If you expand the desired form, you get
[tex]a\sin(bx+c)=a(\sin bx\cos c+\cos bx\sin c)[/tex]
and if we match this up with the given form, we can see that [tex]b=4[/tex], and we have to find [tex]a[/tex] and [tex]c[/tex] such that
[tex]\begin{cases}a\cos c=-6\\a\sin c=-2\end{cases}[/tex]
If we divide the second equation by the first, we have
[tex]\dfrac{a\sin c}{a\cos c}=\dfrac{-2}{-6}\iff\tan c=\dfrac13[/tex]

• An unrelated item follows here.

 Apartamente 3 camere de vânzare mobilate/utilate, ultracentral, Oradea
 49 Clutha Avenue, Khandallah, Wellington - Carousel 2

If we assume [tex]-\dfrac\pi2<c<\dfrac\pi2[/tex], then we can take the inverse tangent of both sides to get [tex]c=\tan^{-1}\left(\dfrac13\right)[/tex]. If we do this, then we find
[tex]a\sin\left(\tan^{-1}\left(\dfrac13\right)\right)=\dfrac a{\sqrt{10}}=-2\implies a=-2\sqrt{10}[/tex]
So we can rewrite
[tex]y=-6\sin4x-2\cos4x[/tex]
as
[tex]y=-2\sqrt{10}\sin\left(4x+\tan^{-1}\left(\dfrac13\right)\right)[/tex]